Another thought I just had re: delayed safety checks. If we implemented really good error messages for converting back to universalmotif format, these issues may resolve themselves. For instance, giving a preview of the invalid values, and suggest what data type they need to be and what slot they're trying to get assigned to. This could also help with the "most folks won't read the docs" thing.

from universalmotif.

snystrom commented on July 17, 2024

This looks great so far. The one downside is the "AsIs" thing with df$motif not working. Wonder if there's a way to improve that.

As far as extrainfo goes, perhaps there should be an optional argument to to_list() and update_motifs(), like keep_extra or something, set to FALSE by default. This way there's a simple way to keep the data, or purge it if the new columns are just temporary.

Found a teeny bug in to_list(), PR incoming.

from universalmotif.

snystrom commented on July 17, 2024

Related to AsIs, thinking more about this, throwing an error is a good way to ensure users call update_motifs() before using them, ensuring the motif is not out of date. Having an extra method on AsIs to update wouldn't work without some environment magic to grab the original df, so that's probably the best it can be if this is the solution.

Something to consider though, is that this data.frame structure would open up new ways of storing relationships between more than one motif. For example, if discovering a set of de-novo motifs, then comparing to a motif database, you could imagine storing another universalmotif column with the match (not saying this needs to get added to the package, just that users could do this on their own). In this case, you could imagine pivoting the df to get columns of each de-novo + match pair, or some other manipulation.

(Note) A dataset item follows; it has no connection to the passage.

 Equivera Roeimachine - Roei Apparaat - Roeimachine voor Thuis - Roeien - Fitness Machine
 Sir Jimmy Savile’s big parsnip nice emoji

In these instances, having the ability to directly call columns storing universalmotif objects would be rather powerful, enabling complex analysis of motif sets.

I admit I have skin in the game on this one, since I use this approach in a package I wrote, but if you think this is beyond what you want, I think that's totally reasonable. At some point, those unusual structures will no longer fit perfectly into this framework, but perhaps anchoring on a column named motif is sufficient to avoid most of those problems.

from universalmotif.

bjmt commented on July 17, 2024

Thanks for the PR. I've added a method in convert_motifs() which throws a more informative error message when trying to use the column directly (pretty sure just about every function in the package calls convert_motifs() first thing).

Thanks also for the extrainfo idea. I'll think a bit more about it.

I'll admit I'm curious about your idea for more complex inter-motif interactions, but I'm not sure I fully understand it. Do you mind typing out some pseudocode of what you think it could work like so I can get a better idea? I certainly have always wanted to improve the compare_motifs() --> merge_motifs() process for example, and maybe what your suggesting could help with that.

from universalmotif.

snystrom commented on July 17, 2024

Sorry for the late reply, got busy.

To explain a bit more about the scenario above, it is maybe more convoluted than it should be, but was the first example I thought of. But the idea is generally to be able to use the motif column in downstream operations on the universalmotif_df. Consequently, when I tried this using the current implementation, it worked great. So maybe the "AsIs" thing is less of an issue than I thought. That being said, the idea was say I have a set of motifs:

library(magrittr)
library(universalmotif)
myMotifs <- c(universalmotif::create_motif("CCRAAAW", name = "motif_1"),
              universalmotif::create_motif("TTAATT", name = "motif_2"))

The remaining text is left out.